A Bayesian approach to differential prevalence analysis with applications in microbiome studies
Juho Pelto, Kari Auranen, Janne V. Kujala, Leo Lahti
TL;DR
This study addresses differential prevalence analysis (DPA) for microbiome presence/absence data, highlighting boundary-case and multiplicity challenges in traditional methods. It introduces DiPPER, a Bayesian hierarchical model that borrows information across features using a shared asymmetric Laplace prior on the log-odds differences $\beta_j$, with covariates and sequencing depth accounted for in a logistic regression framework. Posterior inference is obtained via No-U-Turn Sampling in Stan, yielding multiplicity-adjusted uncertainty intervals and finite estimates even in boundary cases.
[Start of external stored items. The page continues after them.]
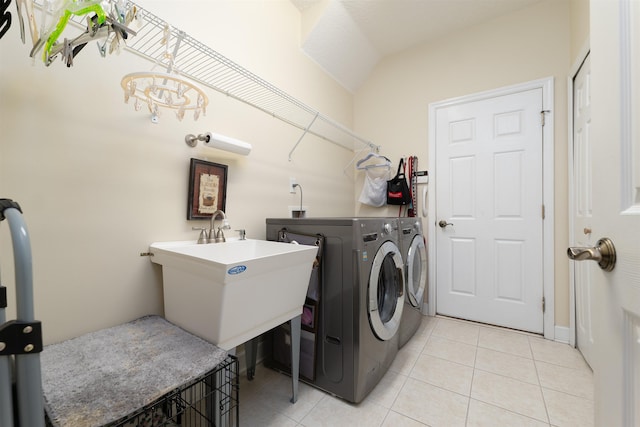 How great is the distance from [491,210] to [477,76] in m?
1.29

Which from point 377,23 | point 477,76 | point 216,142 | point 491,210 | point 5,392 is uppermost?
point 377,23

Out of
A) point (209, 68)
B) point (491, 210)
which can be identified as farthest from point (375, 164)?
point (209, 68)

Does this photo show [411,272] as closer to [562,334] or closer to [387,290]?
[387,290]

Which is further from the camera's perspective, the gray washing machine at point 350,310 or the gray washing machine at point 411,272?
the gray washing machine at point 411,272

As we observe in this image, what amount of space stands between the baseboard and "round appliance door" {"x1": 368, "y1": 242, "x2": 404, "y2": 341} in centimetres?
149

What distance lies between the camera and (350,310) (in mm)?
1373

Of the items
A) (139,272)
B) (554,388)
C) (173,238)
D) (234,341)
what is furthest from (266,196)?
(554,388)

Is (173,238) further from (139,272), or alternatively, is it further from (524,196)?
(524,196)

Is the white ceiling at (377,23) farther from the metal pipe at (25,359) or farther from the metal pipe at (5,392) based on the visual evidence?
the metal pipe at (5,392)

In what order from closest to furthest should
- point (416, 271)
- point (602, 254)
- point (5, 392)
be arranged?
point (5, 392)
point (602, 254)
point (416, 271)

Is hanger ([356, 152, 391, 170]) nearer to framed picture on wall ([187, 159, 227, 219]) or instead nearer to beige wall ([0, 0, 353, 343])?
→ beige wall ([0, 0, 353, 343])

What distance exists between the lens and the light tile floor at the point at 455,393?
1.31 metres

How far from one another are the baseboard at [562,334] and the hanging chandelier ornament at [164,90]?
3.00m

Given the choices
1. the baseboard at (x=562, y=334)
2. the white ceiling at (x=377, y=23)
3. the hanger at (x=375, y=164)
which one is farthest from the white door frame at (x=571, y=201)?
the hanger at (x=375, y=164)
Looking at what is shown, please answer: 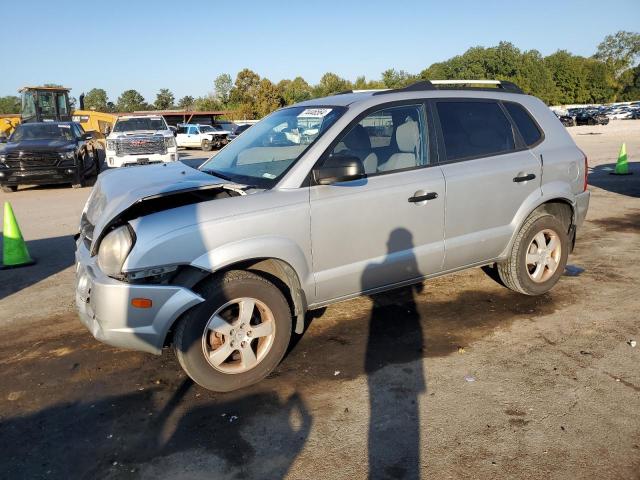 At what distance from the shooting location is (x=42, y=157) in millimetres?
13641

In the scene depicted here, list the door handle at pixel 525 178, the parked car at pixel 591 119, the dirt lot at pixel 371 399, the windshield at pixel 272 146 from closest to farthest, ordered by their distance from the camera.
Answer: the dirt lot at pixel 371 399 < the windshield at pixel 272 146 < the door handle at pixel 525 178 < the parked car at pixel 591 119

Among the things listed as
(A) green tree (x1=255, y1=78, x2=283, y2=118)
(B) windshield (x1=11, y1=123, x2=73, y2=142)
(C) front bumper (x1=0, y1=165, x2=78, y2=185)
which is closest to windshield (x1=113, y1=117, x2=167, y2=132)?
(B) windshield (x1=11, y1=123, x2=73, y2=142)

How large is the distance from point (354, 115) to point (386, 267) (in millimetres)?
1194

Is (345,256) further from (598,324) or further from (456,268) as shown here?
(598,324)

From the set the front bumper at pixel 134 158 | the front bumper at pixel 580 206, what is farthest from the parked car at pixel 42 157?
the front bumper at pixel 580 206

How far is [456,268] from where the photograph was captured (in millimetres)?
4586

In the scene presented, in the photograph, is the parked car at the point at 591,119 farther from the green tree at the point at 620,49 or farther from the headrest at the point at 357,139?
the green tree at the point at 620,49

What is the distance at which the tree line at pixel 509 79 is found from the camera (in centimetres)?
7344

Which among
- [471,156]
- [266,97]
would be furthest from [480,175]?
[266,97]

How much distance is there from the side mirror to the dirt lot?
1.36m

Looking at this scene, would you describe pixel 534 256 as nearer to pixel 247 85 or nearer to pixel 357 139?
pixel 357 139

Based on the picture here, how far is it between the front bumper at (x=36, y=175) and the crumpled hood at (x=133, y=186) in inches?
418

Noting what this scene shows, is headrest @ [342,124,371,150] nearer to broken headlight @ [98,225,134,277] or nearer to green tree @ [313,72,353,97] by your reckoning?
broken headlight @ [98,225,134,277]

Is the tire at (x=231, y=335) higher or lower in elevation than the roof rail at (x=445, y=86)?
lower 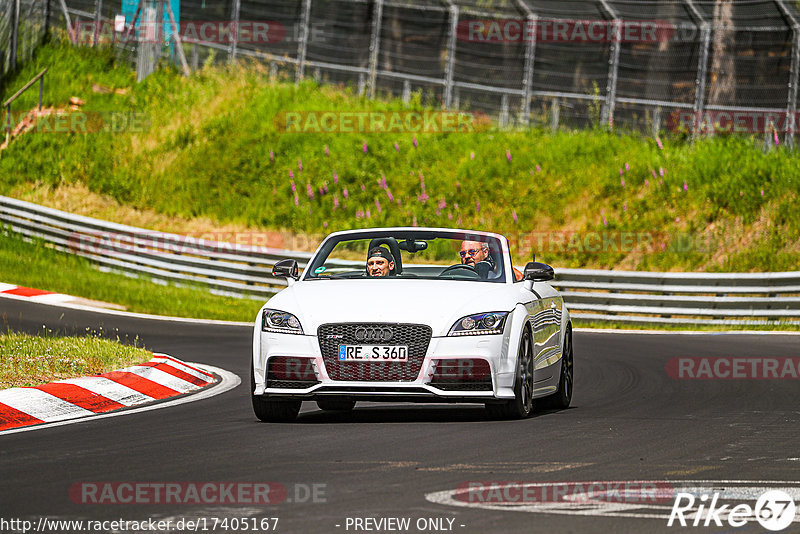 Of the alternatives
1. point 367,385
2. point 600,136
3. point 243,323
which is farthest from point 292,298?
point 600,136

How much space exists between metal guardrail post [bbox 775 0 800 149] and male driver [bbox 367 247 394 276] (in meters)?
17.9

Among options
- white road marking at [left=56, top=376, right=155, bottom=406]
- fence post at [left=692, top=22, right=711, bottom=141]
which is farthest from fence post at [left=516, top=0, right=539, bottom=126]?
white road marking at [left=56, top=376, right=155, bottom=406]

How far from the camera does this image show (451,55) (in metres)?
30.5

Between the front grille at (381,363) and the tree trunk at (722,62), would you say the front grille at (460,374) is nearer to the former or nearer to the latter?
the front grille at (381,363)

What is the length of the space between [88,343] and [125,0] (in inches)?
884

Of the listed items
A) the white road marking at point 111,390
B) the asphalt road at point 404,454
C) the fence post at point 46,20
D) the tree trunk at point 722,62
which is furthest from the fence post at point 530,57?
the white road marking at point 111,390

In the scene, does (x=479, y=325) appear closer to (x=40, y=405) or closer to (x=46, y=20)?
(x=40, y=405)

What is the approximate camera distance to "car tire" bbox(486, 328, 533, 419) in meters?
A: 10.2

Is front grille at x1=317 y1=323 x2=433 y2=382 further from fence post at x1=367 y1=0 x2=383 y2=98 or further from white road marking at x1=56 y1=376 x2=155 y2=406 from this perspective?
fence post at x1=367 y1=0 x2=383 y2=98

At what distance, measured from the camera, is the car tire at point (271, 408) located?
10336 mm

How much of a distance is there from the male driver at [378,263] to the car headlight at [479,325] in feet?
4.38

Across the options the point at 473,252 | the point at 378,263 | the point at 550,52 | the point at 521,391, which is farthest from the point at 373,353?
the point at 550,52

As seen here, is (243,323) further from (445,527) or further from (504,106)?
(445,527)

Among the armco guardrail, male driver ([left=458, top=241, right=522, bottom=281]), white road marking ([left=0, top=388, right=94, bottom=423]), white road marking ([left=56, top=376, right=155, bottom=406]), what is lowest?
the armco guardrail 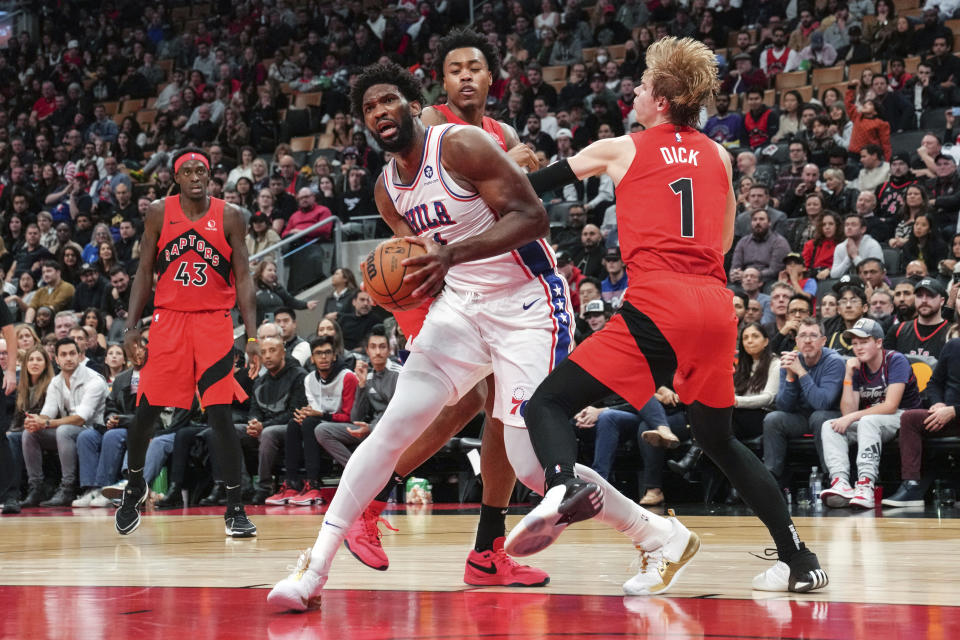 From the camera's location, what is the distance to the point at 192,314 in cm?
627

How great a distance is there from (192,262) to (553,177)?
3163mm

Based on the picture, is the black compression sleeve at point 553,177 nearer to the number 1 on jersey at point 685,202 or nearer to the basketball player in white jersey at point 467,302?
the basketball player in white jersey at point 467,302

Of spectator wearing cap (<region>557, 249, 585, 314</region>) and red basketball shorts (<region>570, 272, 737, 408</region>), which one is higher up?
spectator wearing cap (<region>557, 249, 585, 314</region>)

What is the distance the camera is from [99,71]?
68.1ft

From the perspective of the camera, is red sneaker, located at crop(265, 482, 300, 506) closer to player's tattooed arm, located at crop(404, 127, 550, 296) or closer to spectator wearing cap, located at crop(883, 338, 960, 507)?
spectator wearing cap, located at crop(883, 338, 960, 507)

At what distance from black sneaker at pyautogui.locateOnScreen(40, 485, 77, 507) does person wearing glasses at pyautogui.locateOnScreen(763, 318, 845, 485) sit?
19.2ft

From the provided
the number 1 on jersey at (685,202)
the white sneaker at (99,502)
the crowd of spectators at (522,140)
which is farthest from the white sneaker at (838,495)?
the white sneaker at (99,502)

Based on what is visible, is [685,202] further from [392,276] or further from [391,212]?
[391,212]

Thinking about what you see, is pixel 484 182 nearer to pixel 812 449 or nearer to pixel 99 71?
pixel 812 449

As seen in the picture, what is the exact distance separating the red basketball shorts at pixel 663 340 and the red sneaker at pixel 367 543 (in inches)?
39.6

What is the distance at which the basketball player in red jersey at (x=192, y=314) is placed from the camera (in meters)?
6.19

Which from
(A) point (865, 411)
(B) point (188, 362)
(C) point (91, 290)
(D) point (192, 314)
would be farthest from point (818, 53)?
(B) point (188, 362)

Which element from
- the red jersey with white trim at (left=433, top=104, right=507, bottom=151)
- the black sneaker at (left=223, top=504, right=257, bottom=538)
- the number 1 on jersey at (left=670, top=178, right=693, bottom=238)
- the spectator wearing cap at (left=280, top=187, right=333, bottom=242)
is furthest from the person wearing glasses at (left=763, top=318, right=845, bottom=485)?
the spectator wearing cap at (left=280, top=187, right=333, bottom=242)

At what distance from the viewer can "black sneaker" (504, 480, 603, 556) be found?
3082 millimetres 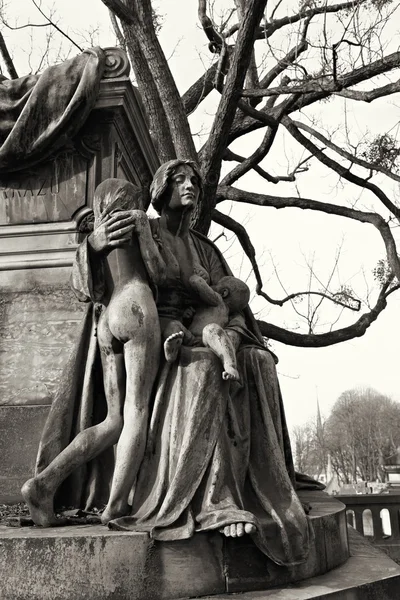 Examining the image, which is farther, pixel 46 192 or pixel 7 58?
pixel 7 58

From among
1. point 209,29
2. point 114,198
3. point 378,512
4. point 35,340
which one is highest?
point 209,29

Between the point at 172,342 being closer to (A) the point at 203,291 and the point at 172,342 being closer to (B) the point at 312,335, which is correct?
(A) the point at 203,291

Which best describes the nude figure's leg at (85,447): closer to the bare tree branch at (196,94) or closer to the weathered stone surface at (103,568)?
the weathered stone surface at (103,568)

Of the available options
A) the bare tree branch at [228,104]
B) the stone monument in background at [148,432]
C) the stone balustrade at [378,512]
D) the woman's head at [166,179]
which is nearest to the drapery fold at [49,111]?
the stone monument in background at [148,432]

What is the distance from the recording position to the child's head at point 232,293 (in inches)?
161

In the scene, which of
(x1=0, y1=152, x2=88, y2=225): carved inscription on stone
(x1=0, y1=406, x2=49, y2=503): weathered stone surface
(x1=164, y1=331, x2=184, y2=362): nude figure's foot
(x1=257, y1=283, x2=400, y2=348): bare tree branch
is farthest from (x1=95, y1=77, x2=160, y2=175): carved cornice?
(x1=257, y1=283, x2=400, y2=348): bare tree branch

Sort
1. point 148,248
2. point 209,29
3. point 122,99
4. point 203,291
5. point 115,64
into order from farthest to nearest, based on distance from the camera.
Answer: point 209,29 → point 115,64 → point 122,99 → point 203,291 → point 148,248

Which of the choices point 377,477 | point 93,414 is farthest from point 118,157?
point 377,477

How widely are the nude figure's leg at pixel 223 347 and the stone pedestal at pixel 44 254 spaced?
51.1 inches

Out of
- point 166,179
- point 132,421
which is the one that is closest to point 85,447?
point 132,421

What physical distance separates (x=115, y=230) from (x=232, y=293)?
35.7 inches

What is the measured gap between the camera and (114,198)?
3.80m

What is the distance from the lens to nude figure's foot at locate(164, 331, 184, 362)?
Answer: 11.3 feet

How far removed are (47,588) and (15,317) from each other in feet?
7.22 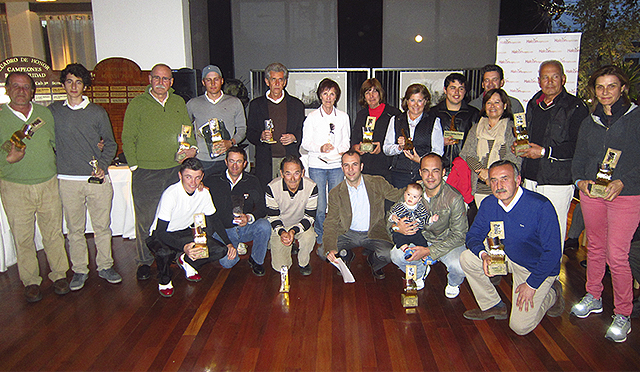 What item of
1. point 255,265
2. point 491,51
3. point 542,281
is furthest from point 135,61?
point 491,51

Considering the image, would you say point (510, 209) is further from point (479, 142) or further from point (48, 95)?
point (48, 95)

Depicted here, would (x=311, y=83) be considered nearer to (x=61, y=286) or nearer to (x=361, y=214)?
(x=361, y=214)

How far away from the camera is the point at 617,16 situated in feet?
22.1

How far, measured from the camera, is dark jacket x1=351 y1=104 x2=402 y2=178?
4023 millimetres

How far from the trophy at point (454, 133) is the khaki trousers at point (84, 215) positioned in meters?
3.00

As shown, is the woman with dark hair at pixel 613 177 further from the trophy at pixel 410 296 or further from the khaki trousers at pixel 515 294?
the trophy at pixel 410 296

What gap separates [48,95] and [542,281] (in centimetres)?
621

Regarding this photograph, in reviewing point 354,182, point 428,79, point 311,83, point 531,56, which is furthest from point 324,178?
point 428,79

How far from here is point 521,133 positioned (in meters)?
3.22

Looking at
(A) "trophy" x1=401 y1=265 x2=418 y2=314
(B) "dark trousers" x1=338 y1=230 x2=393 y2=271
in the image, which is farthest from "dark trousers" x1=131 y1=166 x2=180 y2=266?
(A) "trophy" x1=401 y1=265 x2=418 y2=314

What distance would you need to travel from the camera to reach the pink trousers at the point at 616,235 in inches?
108

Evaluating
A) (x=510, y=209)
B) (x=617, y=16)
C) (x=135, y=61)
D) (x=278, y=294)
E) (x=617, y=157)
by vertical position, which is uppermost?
(x=617, y=16)

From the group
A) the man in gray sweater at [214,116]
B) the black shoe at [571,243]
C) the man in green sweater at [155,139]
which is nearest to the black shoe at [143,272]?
the man in green sweater at [155,139]

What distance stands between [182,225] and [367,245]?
1.64 meters
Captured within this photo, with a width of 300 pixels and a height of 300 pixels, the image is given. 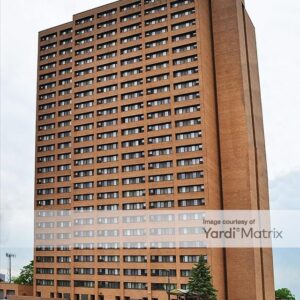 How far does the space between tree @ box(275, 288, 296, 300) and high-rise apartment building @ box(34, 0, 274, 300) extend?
73.5ft

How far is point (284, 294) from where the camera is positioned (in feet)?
321

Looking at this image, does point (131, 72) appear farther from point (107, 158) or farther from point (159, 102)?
point (107, 158)

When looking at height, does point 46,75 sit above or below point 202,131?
above

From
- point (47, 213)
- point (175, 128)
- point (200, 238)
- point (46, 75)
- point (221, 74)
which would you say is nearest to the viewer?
point (200, 238)

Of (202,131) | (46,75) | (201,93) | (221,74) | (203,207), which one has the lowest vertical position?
(203,207)

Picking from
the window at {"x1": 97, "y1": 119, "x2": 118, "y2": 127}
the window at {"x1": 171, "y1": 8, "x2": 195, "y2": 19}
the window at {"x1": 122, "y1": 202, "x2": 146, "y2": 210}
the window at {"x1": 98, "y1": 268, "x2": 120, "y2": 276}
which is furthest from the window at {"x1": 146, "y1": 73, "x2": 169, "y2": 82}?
the window at {"x1": 98, "y1": 268, "x2": 120, "y2": 276}

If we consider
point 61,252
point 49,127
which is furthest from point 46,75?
point 61,252

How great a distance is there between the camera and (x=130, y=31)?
268 feet

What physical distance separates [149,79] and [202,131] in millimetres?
13881

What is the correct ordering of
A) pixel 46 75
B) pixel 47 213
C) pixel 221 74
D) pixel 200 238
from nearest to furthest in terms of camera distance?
1. pixel 200 238
2. pixel 221 74
3. pixel 47 213
4. pixel 46 75

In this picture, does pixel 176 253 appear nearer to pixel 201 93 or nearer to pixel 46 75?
pixel 201 93

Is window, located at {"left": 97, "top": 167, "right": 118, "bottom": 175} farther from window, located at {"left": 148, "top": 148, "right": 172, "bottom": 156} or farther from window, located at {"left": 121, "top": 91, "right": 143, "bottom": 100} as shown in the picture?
window, located at {"left": 121, "top": 91, "right": 143, "bottom": 100}

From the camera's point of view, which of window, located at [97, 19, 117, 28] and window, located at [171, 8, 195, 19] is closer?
window, located at [171, 8, 195, 19]

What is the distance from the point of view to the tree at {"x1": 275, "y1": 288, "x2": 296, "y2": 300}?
96.8 m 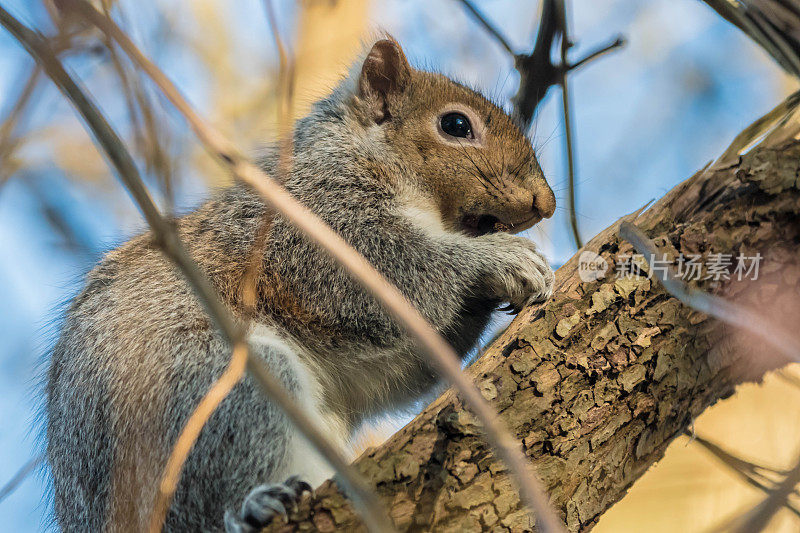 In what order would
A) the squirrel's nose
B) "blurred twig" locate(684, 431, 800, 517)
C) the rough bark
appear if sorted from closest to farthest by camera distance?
1. the rough bark
2. "blurred twig" locate(684, 431, 800, 517)
3. the squirrel's nose

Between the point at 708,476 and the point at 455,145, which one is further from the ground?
the point at 455,145

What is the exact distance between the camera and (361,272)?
1.08 metres

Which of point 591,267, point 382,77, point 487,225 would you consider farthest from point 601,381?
point 382,77

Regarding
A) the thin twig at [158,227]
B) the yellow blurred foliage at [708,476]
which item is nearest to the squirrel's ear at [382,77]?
the thin twig at [158,227]

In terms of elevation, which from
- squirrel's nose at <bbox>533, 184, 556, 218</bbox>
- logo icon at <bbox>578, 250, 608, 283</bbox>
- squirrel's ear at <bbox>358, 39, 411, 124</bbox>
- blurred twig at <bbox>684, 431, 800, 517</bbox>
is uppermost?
squirrel's ear at <bbox>358, 39, 411, 124</bbox>

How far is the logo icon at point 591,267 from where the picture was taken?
93.7 inches

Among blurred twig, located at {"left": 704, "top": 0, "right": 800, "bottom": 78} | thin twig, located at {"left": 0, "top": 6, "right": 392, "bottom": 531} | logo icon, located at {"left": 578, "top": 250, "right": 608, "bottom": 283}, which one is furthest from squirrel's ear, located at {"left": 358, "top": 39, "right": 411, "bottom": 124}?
thin twig, located at {"left": 0, "top": 6, "right": 392, "bottom": 531}

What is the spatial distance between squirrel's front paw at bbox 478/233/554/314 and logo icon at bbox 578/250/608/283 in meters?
0.19

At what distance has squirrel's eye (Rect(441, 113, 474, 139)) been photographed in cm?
339

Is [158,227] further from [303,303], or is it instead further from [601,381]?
[303,303]

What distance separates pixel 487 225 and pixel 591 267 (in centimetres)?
95

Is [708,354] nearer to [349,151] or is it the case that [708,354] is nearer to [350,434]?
[350,434]

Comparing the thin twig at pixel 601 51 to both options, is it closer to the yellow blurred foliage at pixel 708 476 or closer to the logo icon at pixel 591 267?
the logo icon at pixel 591 267

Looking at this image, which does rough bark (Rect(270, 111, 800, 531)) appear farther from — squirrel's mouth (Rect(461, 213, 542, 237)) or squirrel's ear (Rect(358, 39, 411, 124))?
squirrel's ear (Rect(358, 39, 411, 124)) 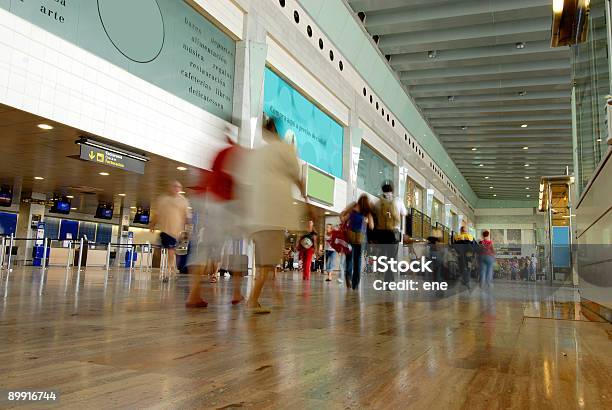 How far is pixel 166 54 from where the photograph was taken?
8.90 metres

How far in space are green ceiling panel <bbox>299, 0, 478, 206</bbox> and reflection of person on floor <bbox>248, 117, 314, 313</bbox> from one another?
10434 millimetres

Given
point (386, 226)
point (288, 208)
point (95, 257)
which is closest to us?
point (288, 208)

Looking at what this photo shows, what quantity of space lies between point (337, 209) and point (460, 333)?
13066 mm

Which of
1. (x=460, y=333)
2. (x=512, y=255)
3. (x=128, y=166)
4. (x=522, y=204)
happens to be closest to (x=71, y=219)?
(x=128, y=166)

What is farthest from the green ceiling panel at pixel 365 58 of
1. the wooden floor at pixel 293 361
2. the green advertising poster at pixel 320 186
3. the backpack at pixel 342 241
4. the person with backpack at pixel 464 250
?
the wooden floor at pixel 293 361

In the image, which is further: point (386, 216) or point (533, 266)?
point (533, 266)

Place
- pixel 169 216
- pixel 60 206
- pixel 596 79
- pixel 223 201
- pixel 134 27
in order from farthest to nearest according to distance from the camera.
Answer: pixel 60 206 < pixel 134 27 < pixel 169 216 < pixel 596 79 < pixel 223 201

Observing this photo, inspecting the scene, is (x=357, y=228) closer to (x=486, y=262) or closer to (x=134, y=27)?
(x=486, y=262)

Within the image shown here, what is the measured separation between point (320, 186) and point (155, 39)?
6.92m

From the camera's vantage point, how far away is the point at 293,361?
1837 millimetres

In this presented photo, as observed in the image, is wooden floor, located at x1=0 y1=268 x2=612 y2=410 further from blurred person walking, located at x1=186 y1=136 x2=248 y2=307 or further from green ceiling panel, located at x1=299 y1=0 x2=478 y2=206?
green ceiling panel, located at x1=299 y1=0 x2=478 y2=206

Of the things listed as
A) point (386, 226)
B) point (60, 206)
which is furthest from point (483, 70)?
point (60, 206)

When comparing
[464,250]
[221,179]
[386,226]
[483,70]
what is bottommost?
[464,250]

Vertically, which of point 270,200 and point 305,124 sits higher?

On 80 original datasets from 67 gut microbiome studies, DiPPER shows high sensitivity and strong cross-study replication relative to frequentist DPA and DAA methods, while providing interpretable differential prevalence estimates and scalable uncertainty; robustness to hyperpriors and potential extensions to differential abundance analysis are discussed. Practical implications include more reliable detection of disease-associated presence/absence signals and reduced reliance on p-value corrections, with potential applicability to other omics domains.
Abstract
Recent evidence suggests that analyzing the presence/absence of taxonomic features can offer a compelling alternative to differential abundance analysis in microbiome studies. However, standard approaches face challenges with boundary cases and multiple testing. To address these challenges, we developed DiPPER (Differential Prevalence via Probabilistic Estimation in R), a method based on Bayesian hierarchical modeling. We benchmarked our method against existing differential prevalence and abundance methods using data from 67 publicly available human gut microbiome studies. We observed considerable variation in performance across methods, with DiPPER outperforming alternatives by combining high sensitivity with effective error control. DiPPER also demonstrated superior replication of findings across independent studies. Furthermore, DiPPER provides differential prevalence estimates and uncertainty intervals that are inherently adjusted for multiple testing.